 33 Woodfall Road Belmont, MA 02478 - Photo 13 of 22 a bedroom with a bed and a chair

...

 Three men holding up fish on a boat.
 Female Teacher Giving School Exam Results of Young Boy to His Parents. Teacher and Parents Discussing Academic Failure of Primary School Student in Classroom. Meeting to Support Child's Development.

* _Aim of the exercise_:
What you give back should be exactly the lines of the data above from the line with "Three men holding up fish on a boat." through the line with "Female Teacher Giving", both of those included, and nothing more.

* _Task response_:
 Three men holding up fish on a boat.
 Female Teacher Giving School Exam Results of Young Boy to His Parents. Teacher and Parents Discussing Academic Failure of Primary School Student in Classroom. Meeting to Support Child's Development.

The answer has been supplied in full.